An appropriate layout for large networks is provided by graphviz. Moreover graphviz and pygraphviz, a Python interface to graphviz, have graph layouts that are not implemented in igraph, and networkx. Here is illustrated the so called Price network, created through a preferential attachement, and plotted with graphviz layout sfdp, destinated to large networks.

Using Python Plotly we can process network data with one or more of the above mentioned libraries, assign any layout in the collection of all their layouts, and get an interactive plot.

In this Jupyter notebook we illustrate the complementary use of networkx, pygraphviz (with graphviz in the backend), and Plotly, to generate the radial tree representing the evolution of women players at U.S. Open 2016.
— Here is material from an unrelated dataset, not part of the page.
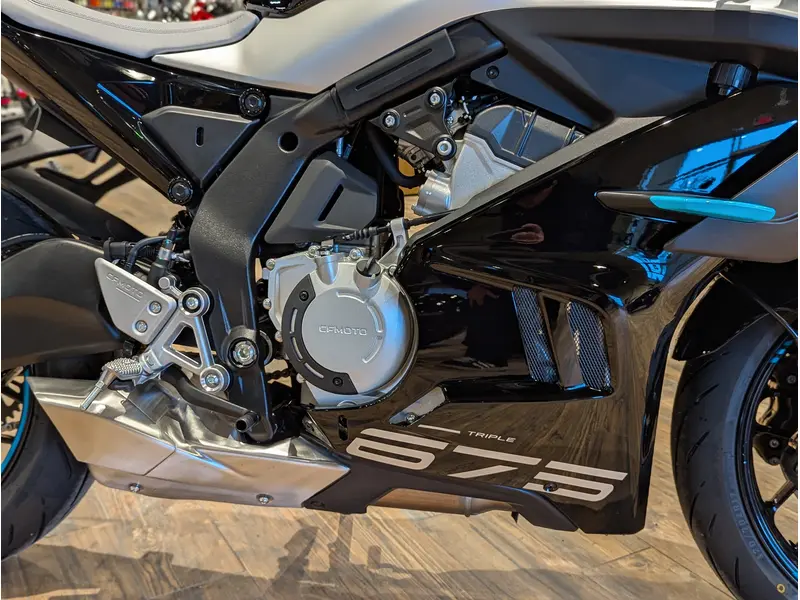 2026 CFMOTO 675SS // Nebula Black thumbnail 6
US Open is a tennis tournament attended by $N=128=2^7$ women players. It is a balanced knokout tournament, consisting in 7 rounds. A few days before the start the organizers release a draw, that points out the pairs that play in the first round. Then succesivelly, the $(2k+1)^{th}$ and $(2k+2)^{th}$ winners in a round $r\geq 1$ play together in the $(r+1)^{th}$ round, $k=0, ..., 2^{7-r}$. After the $6^{th}$ round remain only two players and the winner of their final match is the winner of the Grand Slam. The whole process is visualized by WTA as a balanced binary tree, having as root the tournament's winner, and the players in all rounds are the tree nodes. The parent of a pair $({2k+1}, 2k+2)$ playing in a round r is the winner of the corresponding match.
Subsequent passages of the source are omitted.